# Yard Guard



## midnightpoet (Jun 27, 2014)

Yard Guard


Butch was a boxer mix, with hair the color of butter, a slobbery jaw and a bowlegged, ungainly walk.  He had appeared at our back gate one day and we took him in, despite already having other dogs and two cats.  We had recently sold our house in a suburb and moved into the inner city, where my wife’s parents lived.  Her mother, Leatrice, had a heart condition, and my wife, who had her own health problems, needed to take care of her. We converted the garage into an apartment for them. They had recently lost their own dog, a beloved poodle.  When Butch showed up looking sad and bedraggled, she couldn’t help herself. 


Leatrice, realizing our financial straights, managed to find a neighbor who was willing to take the dog in; however, a few months later, they left town, leaving Butch in their backyard.  It was a good thing she didn’t catch them, she would have told them a thing or two.  At five-foot-two, weighing little more than Butch himself, she would have been a formidable foe.  Of course, we took him in.  We would just have to make do.


Surprisingly, he fit in with the rest of our brood, although at first we believe he thought our dachshund, Gretchen, was some kind of large rat.   He eventually got used to her.  Our backyard was full of  forty-foot tall native pecans, and squirrels abounded.  Butch kept them on the run.  He was really the yard guard. Night and day he patrolled the yard, and woe to the person who got too close to the fence.  He got along with the whole family, including my ten year old son, who like most boys was into trouble and rarely still.

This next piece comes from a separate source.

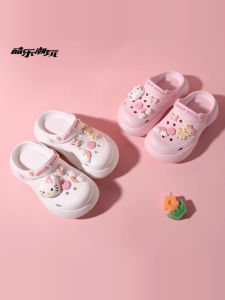 Dép Đi Biển Sanrio Cho Nữ Dép Đi Trong Nhà Mùa Hè 2024 Dép Xỏ Ngón Clog Hoạt Hình Hoạt Hình Thời Trang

Butch adjusted the next few weeks, getting regular meals and lots of attention. We kept him outside except on the coldest days, and he made the yard his own.  The main house was separated from the garage by a open breezeway, and he would often lay there, keeping an eye on neighborhood happenings. One time my wife was in the backyard when a meter reader, apparently unable to read the meter with her little spyglass, jumped the fence.  She didn’t stay long.  Butch ran across the yard in a couple of bounds, nipping at her heels as she escaped.


My father-in-law, Jud, liked the dog, and therefore he stayed in the apartment a lot.  When they had dinner Leatrice would catch him feeding Butch a bite, then he would take a bite.  Confronted, he insisted that Butch’s mouth was probably cleaner than hers.  Jud was over six feet, and he and Butch had the same bow-legged walk.

One cold night they kept Butch inside, and he wouldn’t stop barking.  We discovered our storage barn had been broken into.  Not much was missing, so we guessed Butch’s barking scared them off.  We lived in an old, mixed neighborhood, and we had heard gangs were in the area, so we felt safe with Butch on guard.

Another time a UPS man came to the door, but hesitated when Butch growled at him.  My wife put him on the back porch and told him to stay,  It was one of the few times he disobeyed her.  He wouldn’t stay on the porch.  Finally she was able to calm him, but he stood at the door so he could get a good look at  the proceedings.  The man was not a threat, but my wife was protected whether she wanted to be or not.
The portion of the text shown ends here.